Written by Lini S. Kadaba | Illustrations by Laurindo Feliciano
The data is indisputable: Boys now lag behind girls in several significant areas of education. But the roots of the new gender gap are more complex and nuanced than has been reported. And so are the solutions.
For years, women lagged behind men in educational attainment. More boys went to college, and Census data shows that twice as many men as women got bachelor’s degrees in 1960. Two decades later, a funny thing began to happen. By the mid-1980s, women not only caught up but also started to gain on men, not just by inches, but miles. Now, 57 percent of college students are women, and women earn about one-third more bachelor’s degrees than men, says the National Center for Education Statistics.
As attention focuses on girls and women in STEM fields and they skyrocket ahead, however, some argue that the boys and men are getting left behind. In fact, a Mt. Everest of evidence points to an entrenched reverse gender gap—boys lagging behind girls— that surfaces as early as kindergarten. Here’s a sample: According to U.S. Department of Education data, boys receive 71 percent of school suspensions. Boys make up 67 percent of special education classrooms. Boys are five times more likely than girls to be labeled hyperactive and 30 percent more likely to flunk or drop out of school.

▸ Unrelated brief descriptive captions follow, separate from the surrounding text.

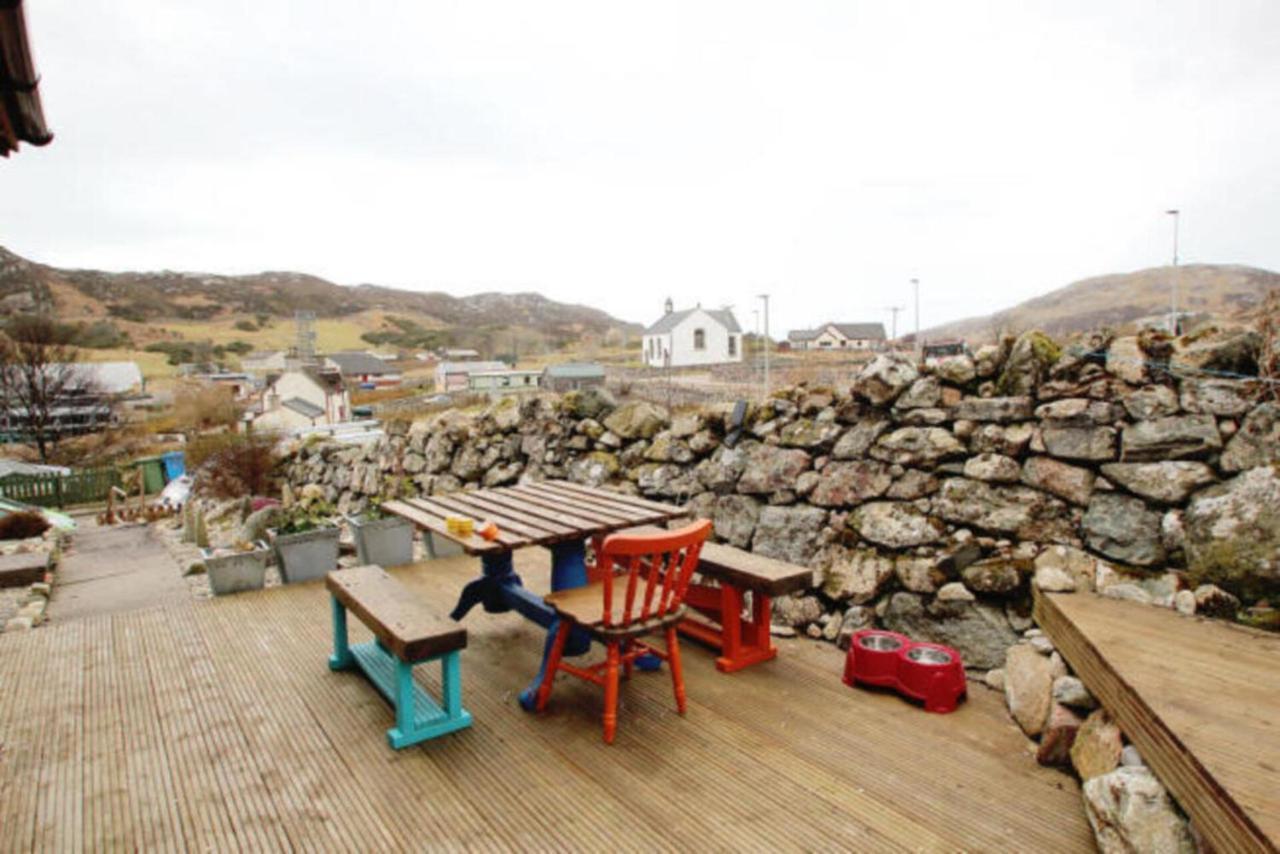 Cosy 2-Bed House In Kinlochbervie Vila Exterior foto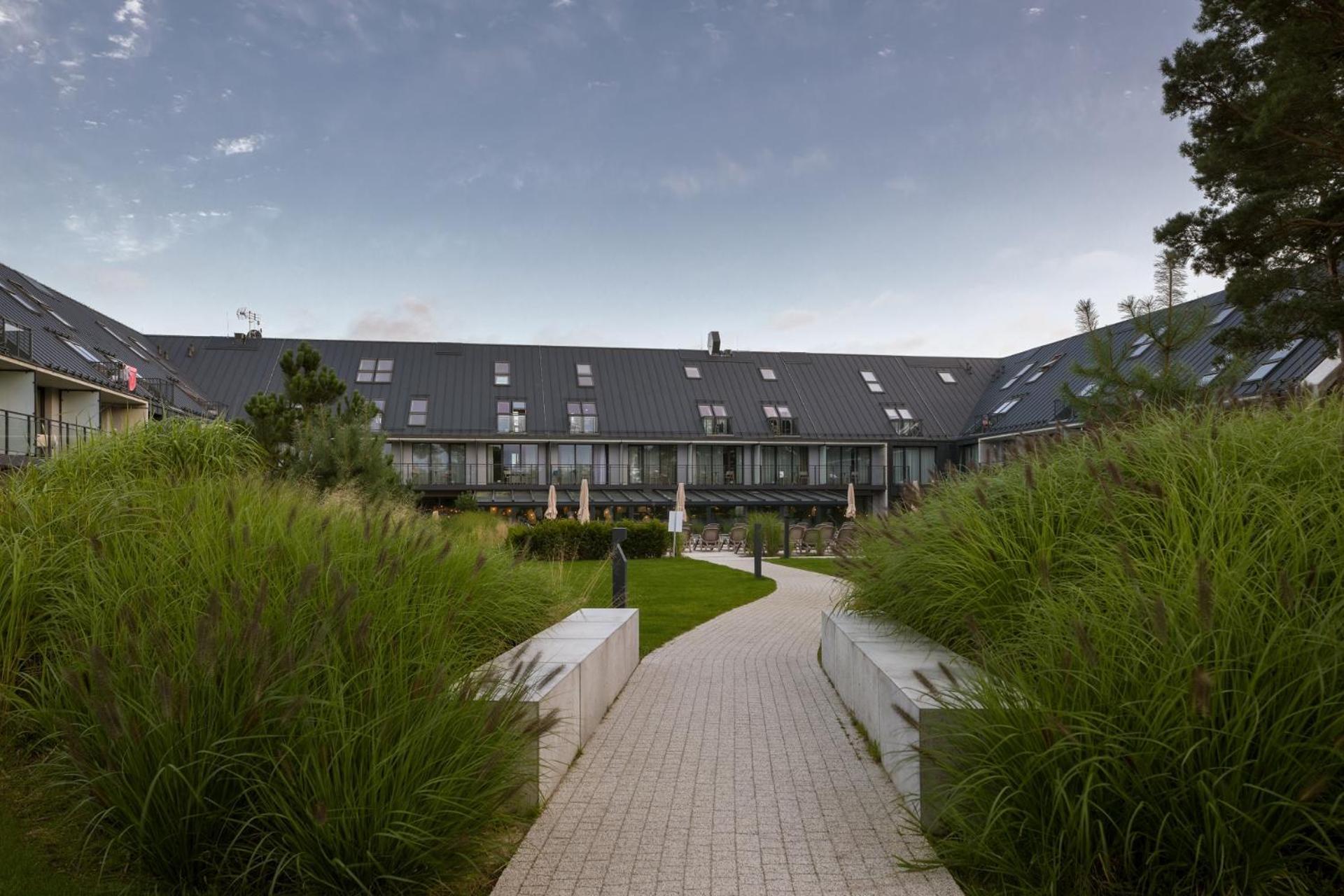 Hotel Saltic Resort & Spa Leba Łeba Exterior foto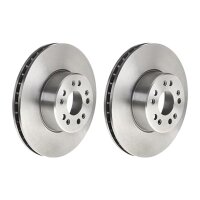 2 brake discs ventilated Ø 320 mm 30 mm BREMBO for...
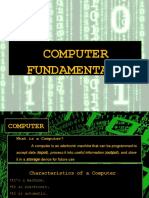 Computer Fundamentals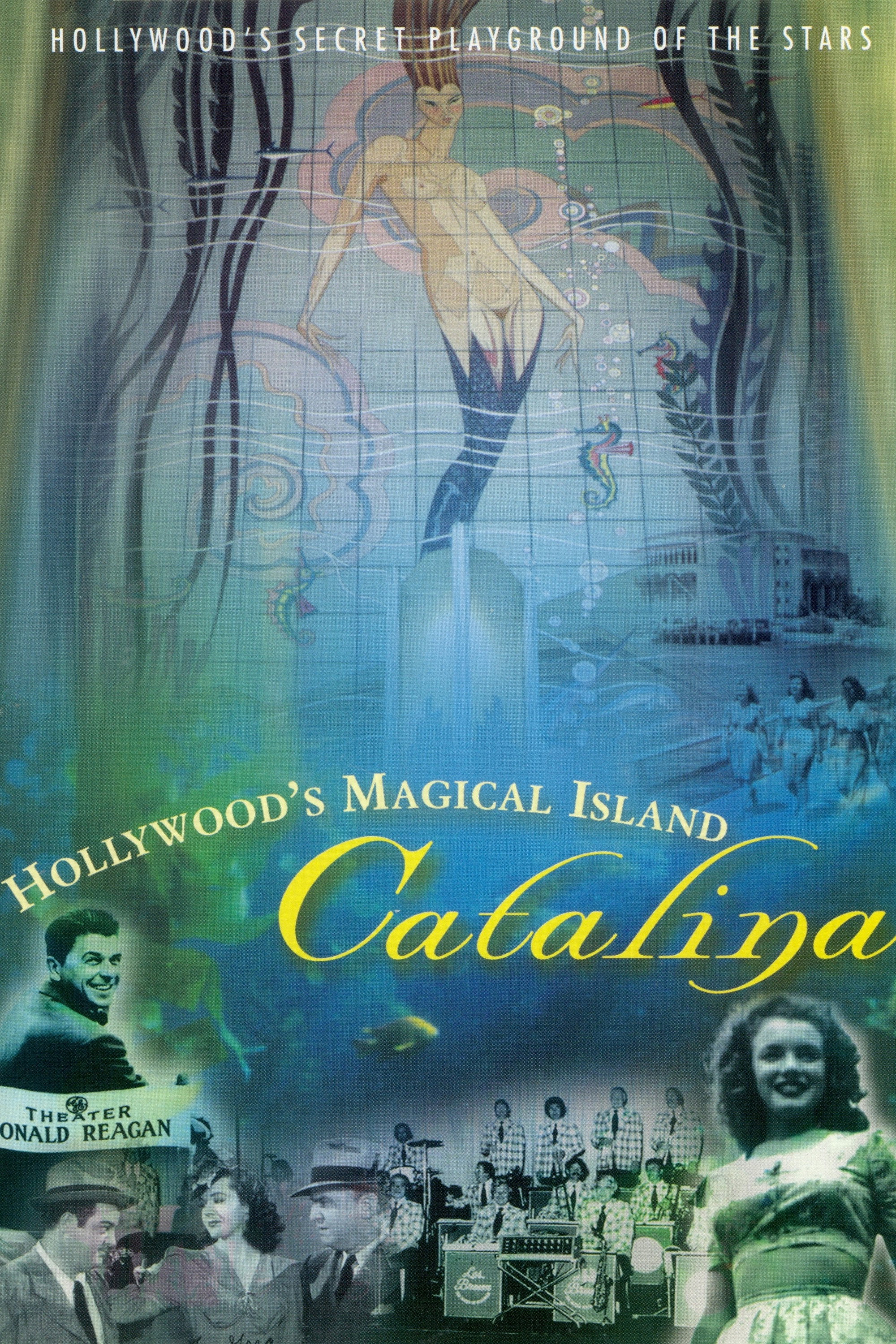 Hollywood's Magical Island: Catalina movie poster print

“It’s a story about females’ real gains, but also about stagnation in education for males that raises daunting challenges for American society,” write sociologists Thomas A. DiPrete and Claudia Buchmann in their new book The Rise of Women: The Growing Gender Gap in Education and What It Means for American Schools.
One of the most talked about issues in education, the widening achievement difference between boys and girls has been debated vociferously for more than a decade. In the popular press, four words encapsulate the crux of the matter: Are schools failing boys?
The question has a way of raising hackles and attracting polarizing expositions on the state of American schooling that are often fraught with political agendas. It suggests that there is a war against boys, as author Christina Hoff Sommers argued in her 2001 book of that title, and that gains by girls have been at the expense of boys.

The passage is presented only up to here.